Brexit and the baked beans conundrum

MONTREAL — Brexit might amount to a hill of beans.

Navy beans, to be precise.

“If we see a no-deal Brexit, what does that do the trade routes for navy beans?” said Cindy Brown, the president of the Global Pulse Confederation, during the Pulse and Special Crops Convention.

“Will we see disruption in supply?

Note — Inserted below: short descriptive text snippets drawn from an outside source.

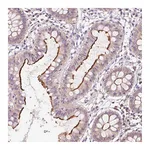 Atlas Antibodies Anti-OR8K1 Antibody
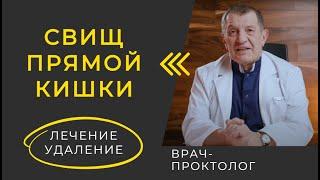 Сложный СВИЩ Прямой Кишки Операция. Удаление ректального СВИЩА. Лечение Анального СВИЩА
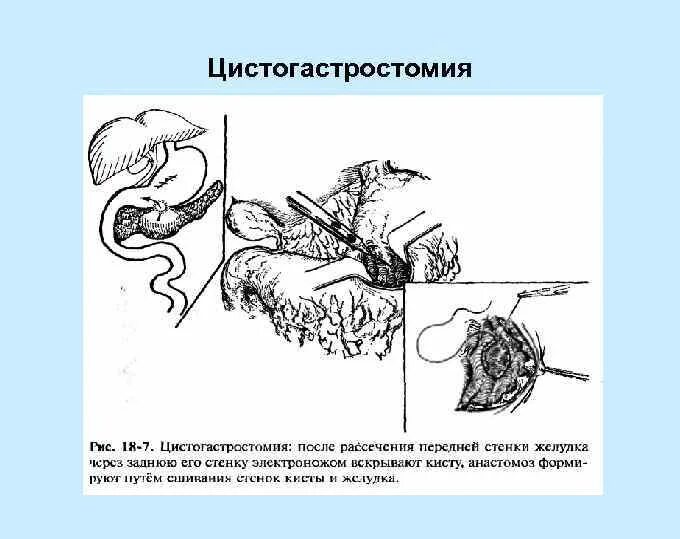Операции на поджелудочной железе. Цистогастростомия кисты поджелудочной железы. цистогастральный анастомоз. эндоскопическое дренирование поджелудочной железы. дренирование кисты поджелудочной железы.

Will we see different pricing?”

Why does Brexit provide an exceptional challenge to navy bean markets, as opposed to the many other types of bean?

Baked beans.

The British fondness for baked beans on toast makes the United Kingdom a healthy market for imported navy beans, which are the basis for the staple dish.

Canada exports large amounts of navy beans to the U.K., usually about 50,000 tonnes per year, but there are a number of other suppliers in the world, including the United States.

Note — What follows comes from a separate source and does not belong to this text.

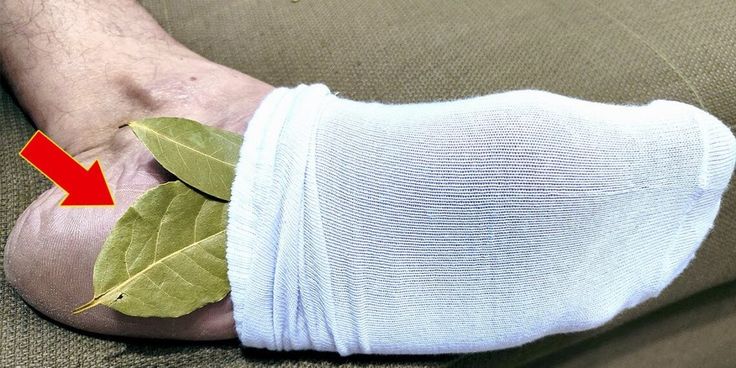 дафинов лист в чорапите метод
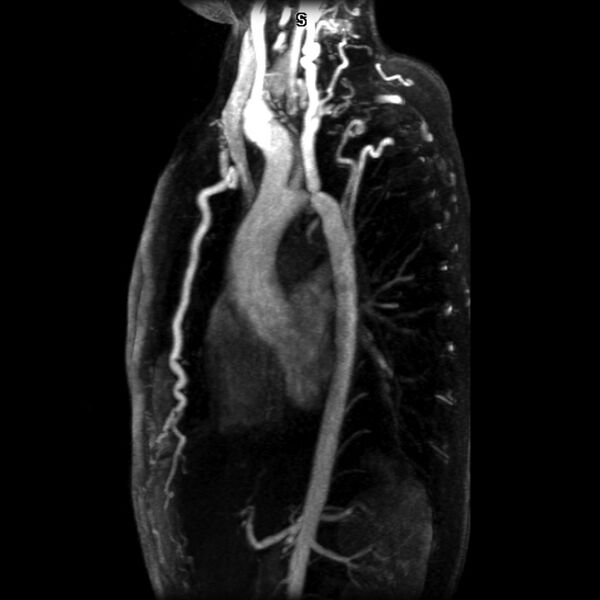 File:Coarctation of the aorta (Radiopaedia 6289-7691 MRA 1).jpg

However, the U.S. faces a tariff and sells far fewer navy beans to the entire 27 nation bloc of the European Union than Canada does to the U.K. alone.

If the U.K. crashes out of the EU at the end of October with no agreed-upon trade rules between the two, and no formal trade deals with other countries like Canada and the U.S., import and export problems and opportunities could arise, Brown said.

What happens is anybody’s guess, which might make heavily U.K. dependent markets like navy beans volatile and dramatic.

“I know we’ll figure it out, but it’s a bit of a disruption going forward,” said Brown.